───── Task inputs ─────
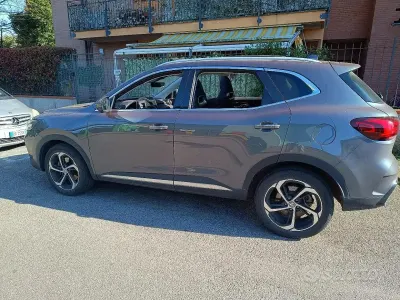 Usata MG HS Luxury 162 CV (119 kW) 2023 Grigio SUV
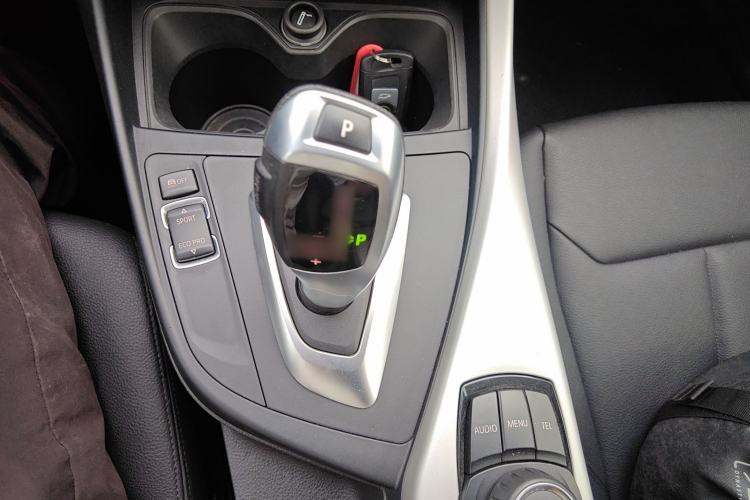 Used BMW 2 Series 2017 220i Convertible Coupe Leading Model Gear Lever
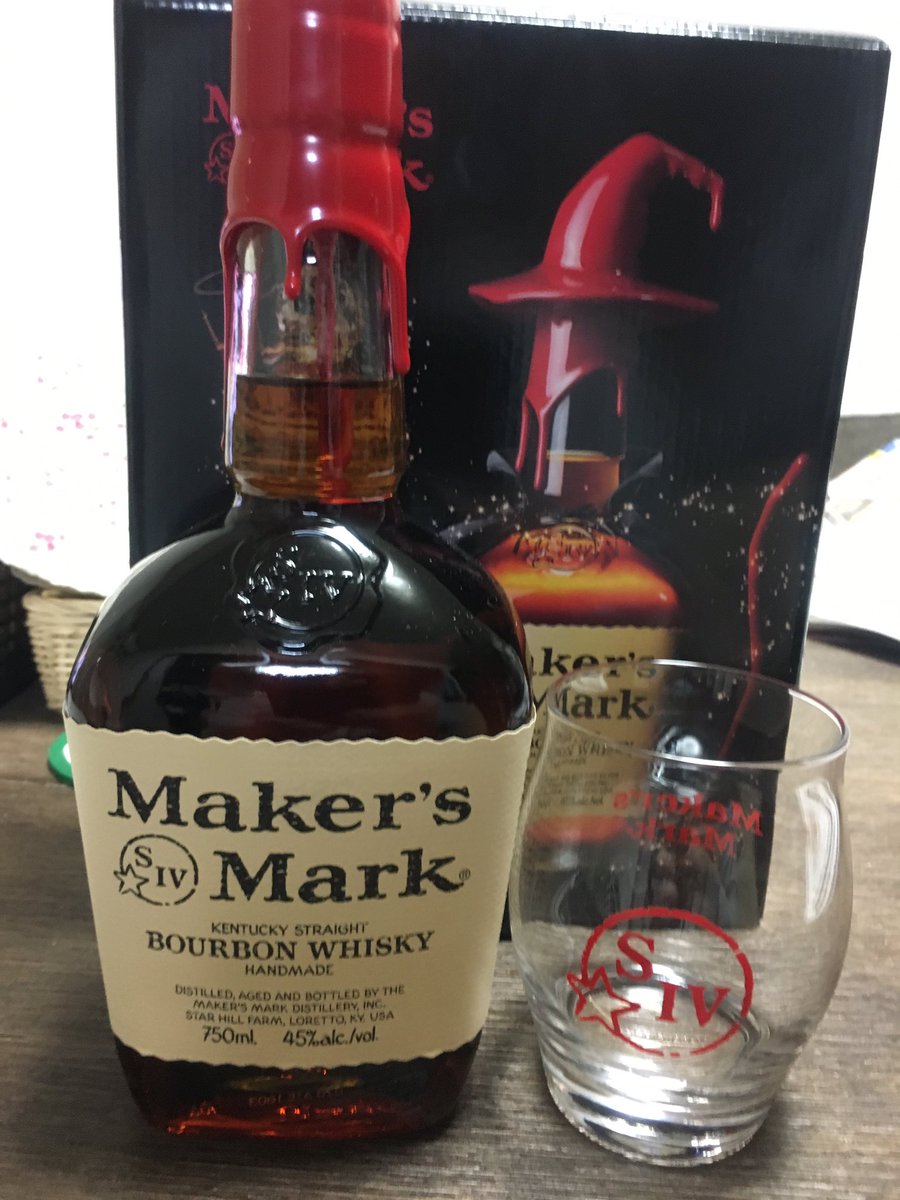 SakioTsec21's tweet photo. さて飲むか🍷👅👍 https://t.co/DyYa4fsb8C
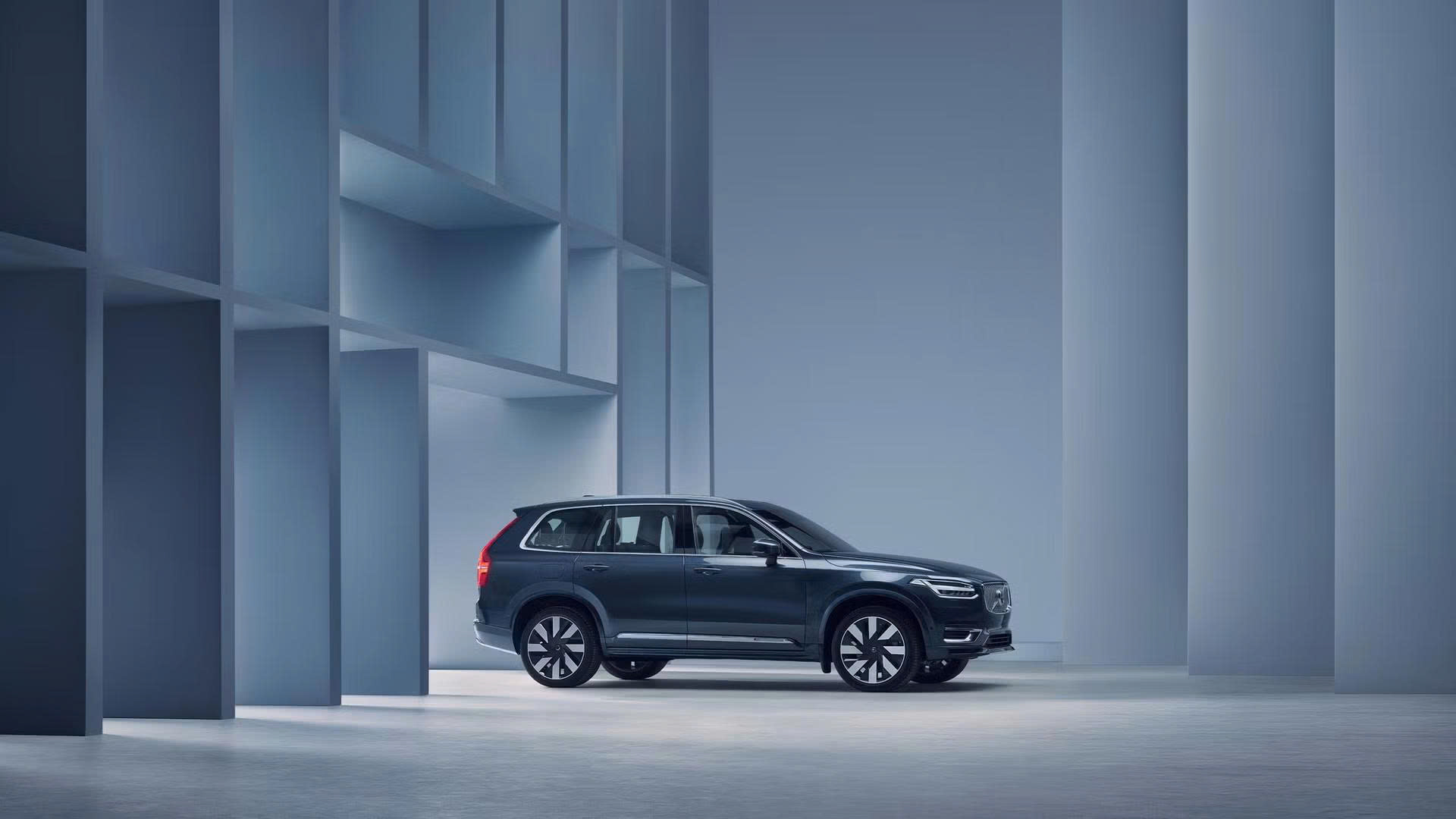 Nên chọn Volvo XC90 Plug-in Hybrid Ultra vs S90 Plug-In Hybrid Ultra?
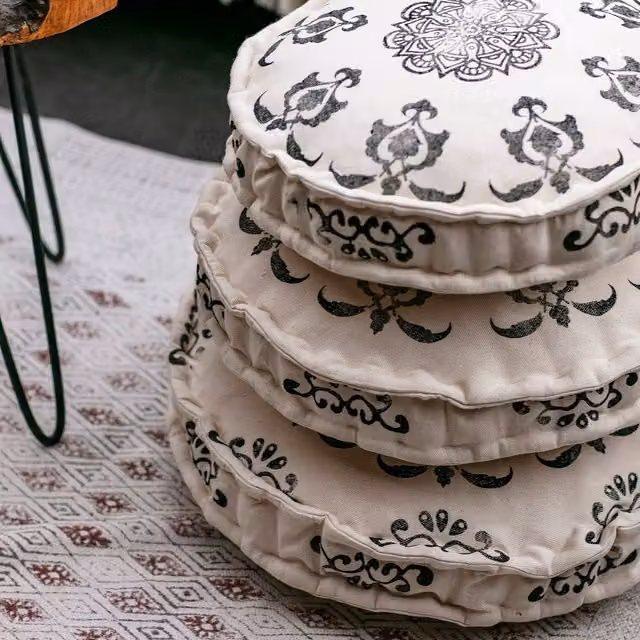 Destina Home Cicero Round Stone Printed Cotton Seating Cushion, White and Black, Diameter: 50 cm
─────
**Exercise**: Omit the images and transcribe all of the records above word for word.

**Result for this exercise**:
 Usata MG HS Luxury 162 CV (119 kW) 2023 Grigio SUV
 Used BMW 2 Series 2017 220i Convertible Coupe Leading Model Gear Lever
 SakioTsec21's tweet photo. さて飲むか🍷👅👍 https://t.co/DyYa4fsb8C
 Nên chọn Volvo XC90 Plug-in Hybrid Ultra vs S90 Plug-In Hybrid Ultra?
 Destina Home Cicero Round Stone Printed Cotton Seating Cushion, White and Black, Diameter: 50 cm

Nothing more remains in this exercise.